OkCupid Study Reveals the Perils of Big-Data Science - sonabinu
https://www.wired.com/2016/05/okcupid-study-reveals-perils-big-data-science/
======
chatmasta
My first instinct in this case is to agree that the data is public, or at the
very least, protected by account login and therefore only legally protected by
the OkCupid terms of use. I see no possible legal argument against the methods
of data collection, unless OkCupid wants to sue the researcher for breaching
terms of use. Or, perhaps, users could sue OkCupid for failing to diligently
protect their data.

That said, this was an Academic study, presumably funded at least in part by
the University, and therefore subject to approval from an Institutional Review
Board (IRB) [0]. Granted it was not an American university, so perhaps no IRB
exists. And it was a small study by a group of graduate students, which seems
unlikely to be subject to as much scrutiny as a study officially funded and
endorsed by the university. However, this is no excuse for circumventing
research ethics. To quote the wiki article, "a key goal of IRBs is to protect
human subjects from physical or psychological harm," which implies that moral
arguments should hold at least as much weight as legal arguments when
considering the potential impact of a study.

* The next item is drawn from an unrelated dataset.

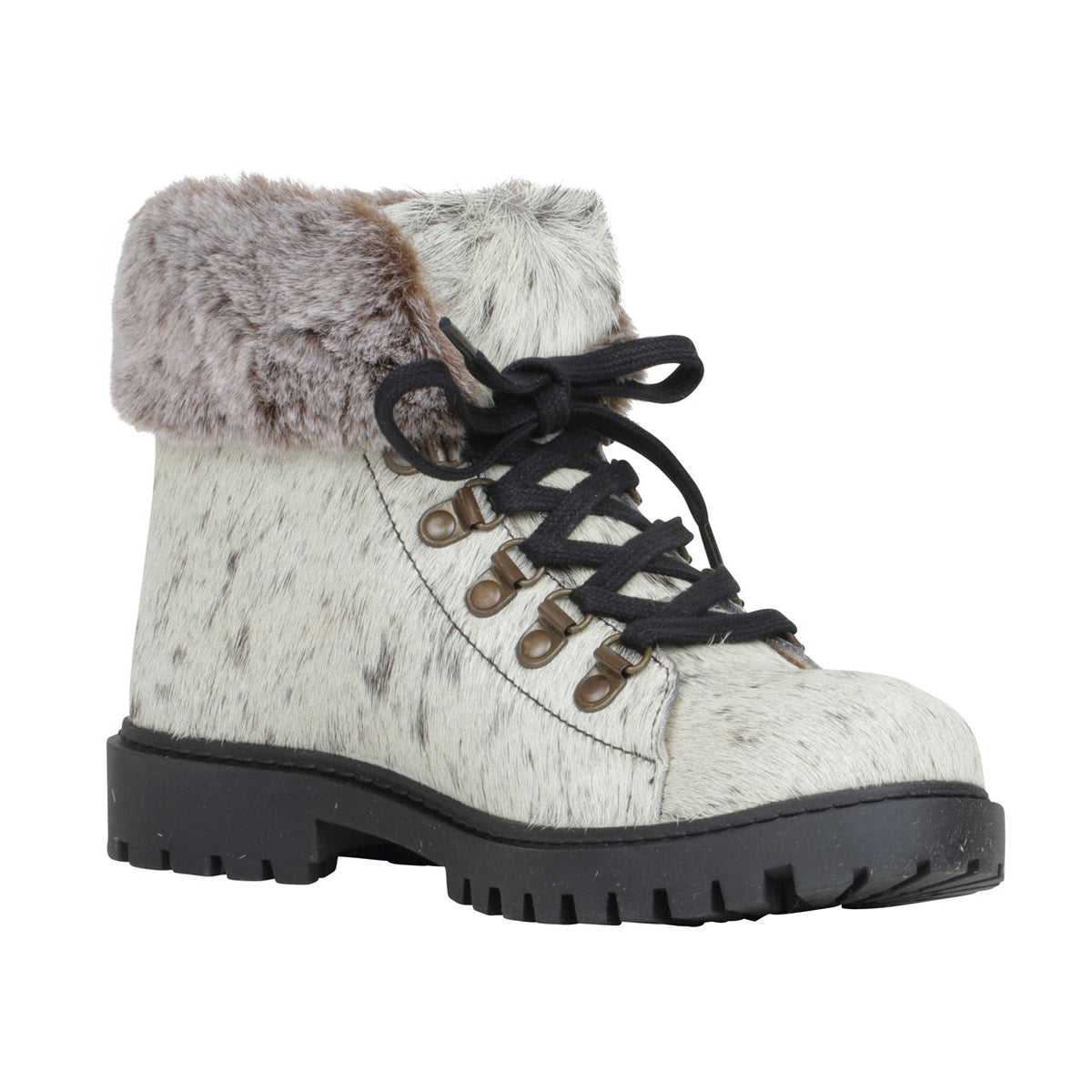 Turbulent Boots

It's entirely possible for a study to be legal, but immoral. Since this study
came from a university, any moral argument should be as valid as a legal one.
The trouble seems to be that nobody heard any argument, moral or legal, before
approving the study.

In this case, the failure seems to lie with the Danish University, who allowed
its graduate students to conduct a study without consultation from an IRB or
any kind of ethical oversight committee.

Interestingly, the data _is_ "public," in the sense that anyone could
replicate this study with some Python and OkCupid accounts. So even if
researchers are stopped by an IRB from collecting the data, that doesn't mean
another entity can't do the exact same study, free from any procedural
impediments. So it makes you wonder about the premise of questioning the study
in the first place. Perhaps a better use of this soapbox, instead of
lambasting the researchers, would be to raise awareness of the fact that _what
you put onto the Internet is public._

[1]
[https://en.wikipedia.org/wiki/Institutional_review_board](https://en.wikipedia.org/wiki/Institutional_review_board)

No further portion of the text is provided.